One example is the classical notion that the universe is compromised of matter and forces. It is such an ingrained popular notion that it takes enormous effort to unlearn this dualism. Coupled with the idea that electrons “orbit” a dense proton/neutron core, one learns anecdotally that atoms are mostly made of empty space. Both ideas are false. If electrons orbit the proton like a planet around a sun they would spiral into the core in less than a split second. If atoms were really mostly empty space then it should be rather easy to squish them together, which it is not.
The old paradigm could not account for this evidence. Subsequently, a new paradigm evolved. But here is the thing. Paradigms are not one-off events. It’s not as if we wipe away the old software and add a bunch of new software. Often, we are struggling to find the contours of such a paradigm with only a dim notion of what it might be but knowing well what it cannot be.

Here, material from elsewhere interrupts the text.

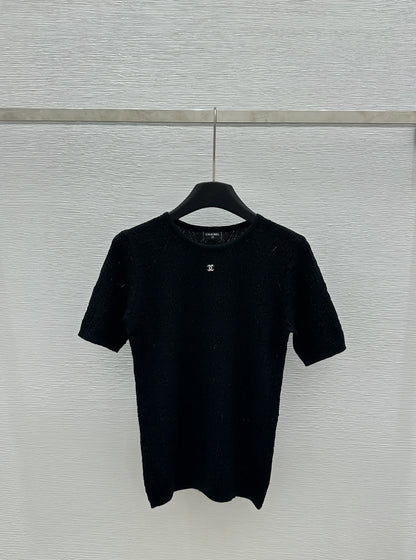 Hollow knit short sleeves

It took awhile before a new paradigm emerged, one in which the universe is field-like in nature. In one sense, the world is more abstract and harder to intuitively grasp. The distinction between force and matter is more of a taste than a hardwired empirical fact. In another sense, the new paradigm is much more satisfying, with several Ah! moments. The way in which the inverse square law of EM and gravity naturally jumps out from fundamental wave-like properties of interacting fields and unconstrained force carriers propagating at the speed of light through space. The way in which particles are excitations within quantum fields and are distinguished by those that can share the same quantum state (bosons) and those that cannot via the Pauli Exclusion Principle (fermions).
What is the truth? Our bias is to affirm a conclusion we thought was true. We are humbled by a conclusion that is shown to be false. Rather, we should be focused on a better result. Not “what is the truth” but rather “why is it false?” This is where our hard work begins, both the beginning and the culmination of our efforts.